Çok boyutlu bir hastalıktan bahsettiklerini söyleyen 54. Diyabet Kongresi Genel Sekreteri Prof. Dr. Rıfat Emral, “Çok boyutlu bir hastalıktan bahsediyoruz. Tek boyutu yok maalesef. Tüm bu konuları tartışırken bilimsel olarak tartışmaya gayret gösteriyoruz. Dolayısıyla yansız olmaya çalışıyoruz” şeklinde konuştu.

“Artık diyabet hastalarının glikoz ölçümü daha iyi olacak”

Yeni geliştirilen insülinlerin olduğunu belirten 54. Diyabet Kongresi Genel Sekreteri Doç. Dr. Ayşe Kubat Üzüm, “Yeni geliştirilen insülinler var. Bunlar hastanın yaşam kalitesini yükselteceğini düşündüğümüz, günlük pratikte de yavaş yavaş uyguladığımız insülinler. Diyabetik teknolojilerle ilgili bir kurs var.
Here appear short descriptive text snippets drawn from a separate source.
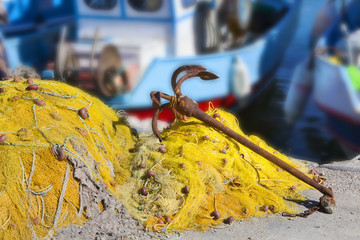 Traditional fishing nets and rusty anchor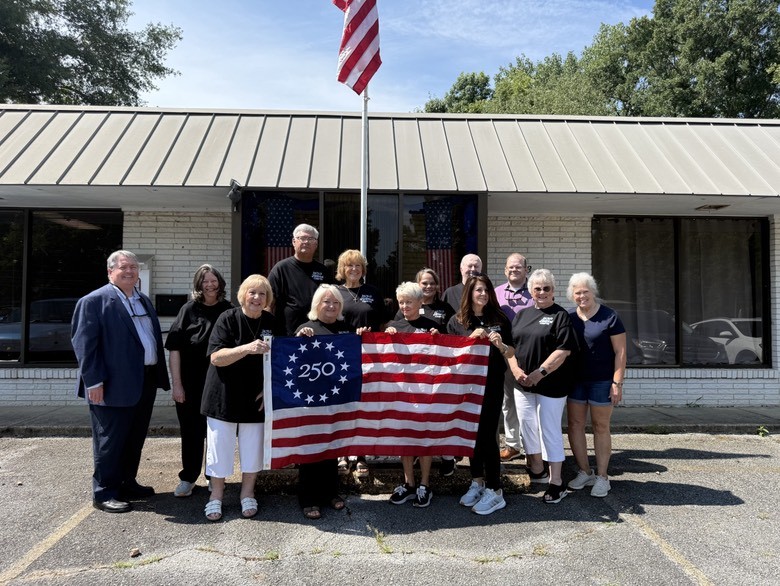 A group of 13 people stand together in the photo. They are holding a commemorative America 250 flag, which has 13 stars in a circle around "250" in the upper-left blue square. The group is standing in a parking lot, and there is a building behind them.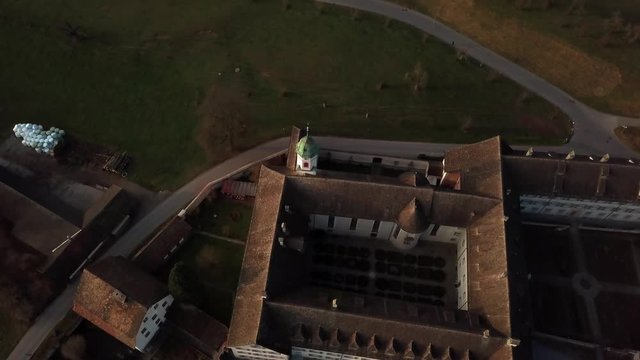 Aerial drone shot orbiting increasingly around Fahr Monastery in Unterengstringen, Switzerland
Bu kursta da glikoz ölçü metotlarının sadece parmak ucundan iğne ile delerek değil de cilt altında glikoz ölçüm metotlarını geliştirildiğini, farklı cihazların tanıtıldığı kurslar. Türkiye’de de çok fazla cihaz var. Artık diyabet hastalarının glikoz ölçümü daha iyi olacak” ifadelerini kullandı.